As you know I find your work interesting and thought-provoking in the good sense, even where I do not agree and cannot go the whole nine yards with you. Speculative extrapolation is quite common in the Tolkien fan community, where the limits for applicability is often not what Tolkien actually did say, but what he did not outright reject.
I have enjoyed the journey in 2011 and I look forward to following your musings in 2012, and I wish you a very happy new year (and a belated merry Christmas).
With warm regards,
Troels
@Troels - thanks for your comment, and for noticing this blog in your monthly round-ups. Indeed, I think you are one of only about three regular commenters! But that is enough for me.

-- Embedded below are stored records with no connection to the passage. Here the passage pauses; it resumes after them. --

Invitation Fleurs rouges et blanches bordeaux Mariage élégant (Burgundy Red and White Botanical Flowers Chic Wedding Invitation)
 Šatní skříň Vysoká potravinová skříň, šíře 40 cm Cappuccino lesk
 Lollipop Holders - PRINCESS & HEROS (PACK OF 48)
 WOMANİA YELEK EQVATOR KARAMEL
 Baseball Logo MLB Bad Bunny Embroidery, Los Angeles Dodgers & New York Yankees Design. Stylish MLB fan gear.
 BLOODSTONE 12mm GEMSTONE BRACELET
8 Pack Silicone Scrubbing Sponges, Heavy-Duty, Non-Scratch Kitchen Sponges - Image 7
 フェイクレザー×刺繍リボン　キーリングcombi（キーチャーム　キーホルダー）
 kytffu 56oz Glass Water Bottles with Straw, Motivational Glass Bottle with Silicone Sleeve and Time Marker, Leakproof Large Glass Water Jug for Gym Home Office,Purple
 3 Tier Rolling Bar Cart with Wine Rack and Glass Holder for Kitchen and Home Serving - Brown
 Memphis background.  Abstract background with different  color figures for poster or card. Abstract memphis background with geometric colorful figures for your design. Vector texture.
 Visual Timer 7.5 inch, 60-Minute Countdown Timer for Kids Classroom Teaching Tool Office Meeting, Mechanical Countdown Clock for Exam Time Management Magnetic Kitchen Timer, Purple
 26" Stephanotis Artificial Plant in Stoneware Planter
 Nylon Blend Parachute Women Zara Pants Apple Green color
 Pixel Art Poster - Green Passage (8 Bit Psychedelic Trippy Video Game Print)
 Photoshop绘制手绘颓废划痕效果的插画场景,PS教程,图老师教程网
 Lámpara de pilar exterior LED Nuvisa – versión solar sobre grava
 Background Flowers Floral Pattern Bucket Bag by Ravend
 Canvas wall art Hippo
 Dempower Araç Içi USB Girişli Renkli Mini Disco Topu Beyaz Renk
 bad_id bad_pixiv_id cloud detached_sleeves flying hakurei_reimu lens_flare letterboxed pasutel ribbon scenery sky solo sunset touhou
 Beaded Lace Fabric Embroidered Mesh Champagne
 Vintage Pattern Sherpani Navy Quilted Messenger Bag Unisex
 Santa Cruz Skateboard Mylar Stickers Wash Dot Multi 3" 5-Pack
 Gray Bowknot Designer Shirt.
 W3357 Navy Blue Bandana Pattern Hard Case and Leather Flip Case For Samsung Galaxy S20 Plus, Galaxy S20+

I hope I do not speculate according to what JRRT did-not-reject - my hope is (by immersion in his life and works) to try and understand him from the inside, and extrapolate his way of thinking to areas which he did not explicitly cover - a process mainly intended for my own spiritual benefit; and therefore I am deliberately going beyond the rules and restrictions of Literary Criticism (of which I am aware, having a Masters degree from Durham University in the subject, and a few conventional publications in that area).
I have a copy and I see from what you say that I had better read it! Thanks for the nudge.
I did read Interrupted Music. Very good book: Flieger's reconstruction of Tolkien's creative efforts seems highly probable, and I will remember her linking Tolkien's legendarium with Heorrenda, the conjectural author of Beowulf, and with the St. Brendan voyage legends etc.
@Dale - I knew you'd like it. And, after time for digestion, it repays second and third readings (as do most of Flieger's Tolkien books).